# Fire pit!



## Ruthless53

My wife and her siblings wanted to get their father a firepit for the backyard in his new house. 1st I called a guy I know that builds them and got a Quote which was too much for all of us to spend. Then I found the pavestone kit on HD website and that was doable. Went to see a good friend who owns a brick/stone company and long story short he gave me a whole pallet of oklahoma chop and and the matching flagstone. 

Drew the pit out to be 7ft outside diameter with 4ft inside diameter and 18inch wide and 18" high walls. First venture into anything masonry wise so it was a learning process. Worked on a concrete crew as a college job for a couple months but that's as close as I've ever done. I think it turned out pretty sweet!

Started off by making measurements and digging a trench for a 4inch slab instead of using forms.


----------



## Ruthless53

Poured the concrete and put in the rebar. Also put 24inch rebar in vertically. They went about 8 inches into the dirt, 4inches in the slab and 12 inches above the slab.


----------



## Ruthless53

Dug out the center about 8 inches deep (4 inches below concrete) and sloped it toward the center and dug a paint can size hole in the center. Filled with large river rocks topped by all purpose rocks for drainage.


----------



## Ruthless53

Then came the real work! Added 5 2 inch pipes around the bottom for air flow. Filled the space between the two stone layers full of mortar and worked our way up.


----------



## Ruthless53

And on up...


----------



## Ruthless53

And finally done!! It was pretty dang hard work!!! Glad to have done it but I don't know if I'd do it again!


----------



## Ruthless53

.


----------



## Fishtexx

That looks great! Thanks for documenting the process, I have been thinking about building one also.


----------



## hoosierplugger

Beautiful and thanks for the pics!


----------



## HuntNFishNick

How much were the quotes? I am planning on doing the same thing when our house gets done in March. I am trying to figure out how i need to do it cause we are getting a flagstone patio and i am doing one on the flagstone with brick around it and topped with flagstone. 
I guess i will drill in the flagstone patio for the rebar then concrete.


----------



## Law Dog

That looks great! Thanks for sharing the pics and information. I will be building one soon at the ranch..


----------



## Ruthless53

Quotes with me providing stone were between $2500 and $3500. If I would have had to buy the stone it would have been around $1100 cost in materials. Roughly $750 for the stone and right at $375 for all other materials. As far as rebar I used the 24" precut rebar and staggered them around the slab so they were kind of overlapping. They were not touching or tied together which isn't really necessary as long as they are floating and not touching the ground below. Other materials were 9 80lb bags of maximizer industrial concrete, 34 60lb bags of mortar, 5 bags of Agro River Rocks, 12 bags of Agro all purpose stone, and a couple other tools. Granted this is a very large pit for a house and there is probably a better way to fill the center of the stones but I chose to use mortar as we could mix it with a drill vs concrete having to use a shovel and elbow grease! I had 2 other guys most of the time and another 2 for a bit too. Stone alone was 5200 lbs with 1k lbs or so left over. It was a hell of alot of work! I'm beat up right now! Having a chop saw with a stone blade ($60 bucks we didnt want to spend) would have cut alot of labor off but it still would have been alot of sore muscles involved.
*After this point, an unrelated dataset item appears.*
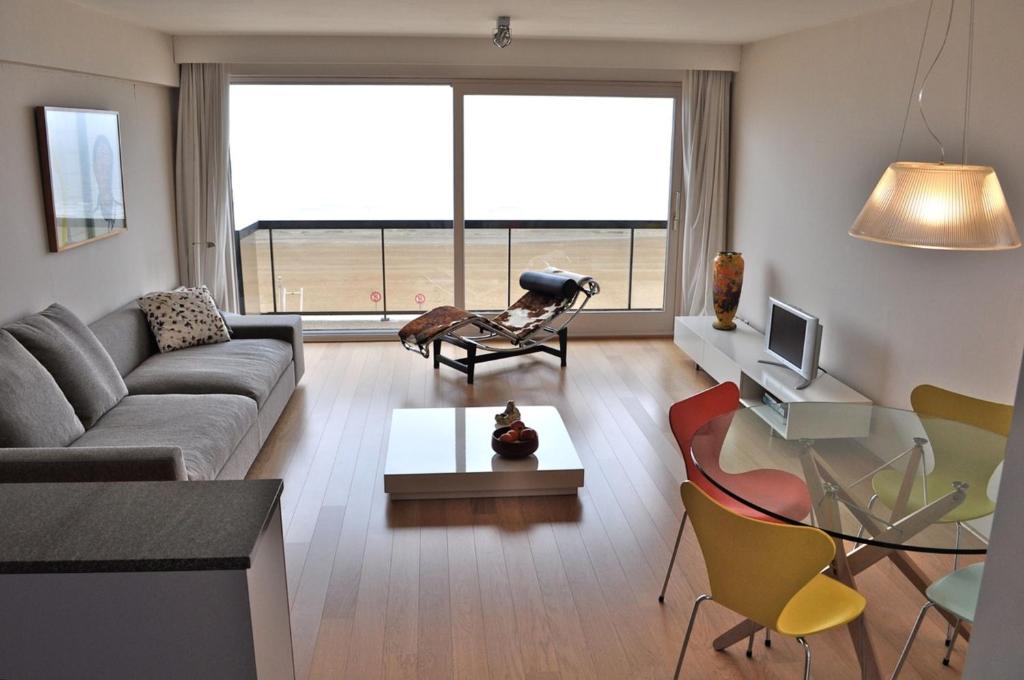 ein Wohnzimmer mit einem Sofa und einem Tisch in der Unterkunft Residentie Sofia, Coxy-Beach, Iepenwal, Kraaienest, Atlantic, Royal, Miramar in Koksijde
I would do it again in the situation but if its something a person could afford I would recommend paying to have it done! Getting the right rocks for the top was very tedious and had a by product of alot of unusable pieces due to breakage in the wrong spots. Was told that with a stone as dense as this you don't need fire bricks. They are quite expensive too. It's the pourous stones you have to worry about. Was also told the special mortar was not really necessary for this either (Again very expensive). I tend to overbuild everything as I'm kind of a perfectionist and want to do things the best possible way. I'm kind of nervous about the stone and mortar but I trust the guy who told me that and I also confirmed on the interweb. Will let you know how it holds up after a couple fires in it.


----------



## das7777

Nice looking fire pit!


----------



## Jeff SATX

i have a bunch of stone left over from my house, i'm going to build me one of these for sure! looks great!


----------



## FISHINFOOL87

Wow look great I am going to do this! Thanks for the step by step pictures!


----------



## DuckMendenhall

Great looking fire pit...

I noticed that it has been several months...how is the stone and mortar holding up?


----------



## chumy

It needs some grating on top with a whole hog on top of that. Looks good!!


----------



## finkikin

Very nice pit!


----------



## Ruthless53

Stone and mortar have held up great! Not a single crack. He is going to eventually add a pipe on the inside so he can use one of the big circle grates and remove it when he's done.


----------



## AR

What type of concrete and mortar did you use?


----------